In 1979 Sire Records released a domestic compilation culled from 10 Mistakes, the following year's Back to 78, and an inter-LP single. But after that time, GRUPPO's recorded output was available stateside only as harder-and-harder-to-find European and Canadian imports. The hysterically manic Buddy Odor Is A Gas! is a Hans Vandenburg solo LP which to all intents and purposes is GRUPPO's third long player. 1980's Copy Copy finds DEAF SCHOOL alumna Bette Bright putting in a guest vocal performance; an appealing move, as early DEAF SCHOOL explored a somewhat related conceptual aesthetic. Unfortunately, Side One's second-rate material and the too-smooth production did little for either party's reputation.

Throughout the early eighties, the band continued releasing top-notch mock-pop to an ever dwindling audience that was apparently far more concerned with style over substance, simplicity over wit. Pop! Goes the Brain, Design Moderne, Sombrero Times and to a somewhat lesser extent Sucker of the Century are brilliantly executed pop excursions overflowing with self-deprecating wit, biting cynicism, urban humanism, hopeless romance, and of course, killer hooks.

Into the early nineties, the GRUPPO SPORTIVO core of Vandenburg and Calicher were still at it. And where a band like THE KINKS is (justifiably) hailed as one of rock's most steadfast yet highly underappreciated outfits, GRUPPO's reputation does not even approach that level of recognition.

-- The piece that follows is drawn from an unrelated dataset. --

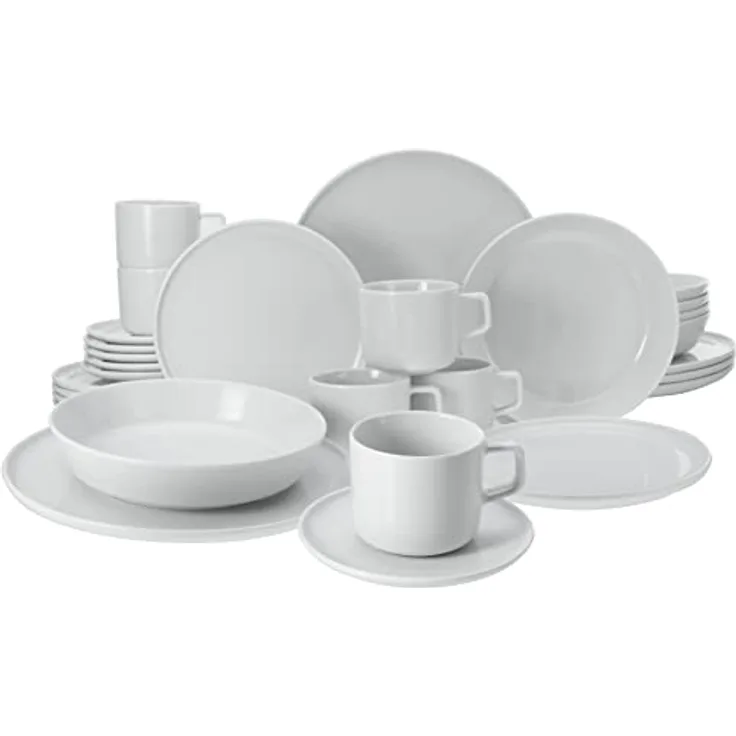Creatable Kombiservice Chef Collection, 30-teiliges Geschirrset in Weiß, lebensmittelecht, Keramik, 250 ml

Irving Thalberg, where are you when we need you? (chuckle! -db)


Atjous <> adds:

One remark on Gruppo Sportivo lyrics in general: they contain a lot of double Dutch: phrases mean something very different, since they are literaly translated from Dutch to English. 'Heavy shag' is quite a good example.

When in trouble, remember this:

'Water is what you need water around your feet
water is what you need in the desert sand


I recently receieved a really nice letter from Robert Metcalfe <>

Thought you might be amused by this review from the autumn 1978 issue of "The Magnetic City" a short-lived arts/music magazine edited by two boys who became The Wibbley Brothers, never forgot the formative influence of Gruppo Sportivo and are currently recording their second album:


 Gruppo Sportivo - Marquee Club, 2nd June '78

"Dutch night" at The Marquee reached a climax of sorts as Gruppo took to the stage. It maintained the peak of excitement for the next hour as the best living exponents of Dutch new wave hurtled through number upon number with a verve and originality that had the crowded club screaming for more. Your cunning reviewers cleverly stood in front of the stunningly arousing 'Gruppettes' and "rocked the night away".

We concentrated on the girls all night as they pretended to hate each other in 'Bernadette' (hitting & spitting), warned us about motorbikes in 'Lasting Forever', and told us all obout life in 'Girls Never Know (What They Want To Do)', featuring a meaty bass solo from 'Eric', and some marvellous Marvinesque guitar from 'Hans' (Telecaster et al). Other treats were 'Rock n Roll' and 'I Shot My Manager'.

The delights of Gruppo Sportivo cannot be overstated, and now that they're back here (at the time of writing), you'd be daft to miss them this time around as well. Perhaps this time we'll catch the free albums (missed by an arms-length at the Marquee). Meanwhile, leopard-skin memories linger on (sigh).

A while ago, but none the less vivid for that.

The Wibbley Brothers had produced 'Go Weird' by 1982 and will follow that up some 16 years later with 'Morning Jack', due to be released this summer. In our spare time in the studio however, we've found a moment to record an English/Basque version of 'I Would Dance'. Could this be a candidate for Popgruppolympics?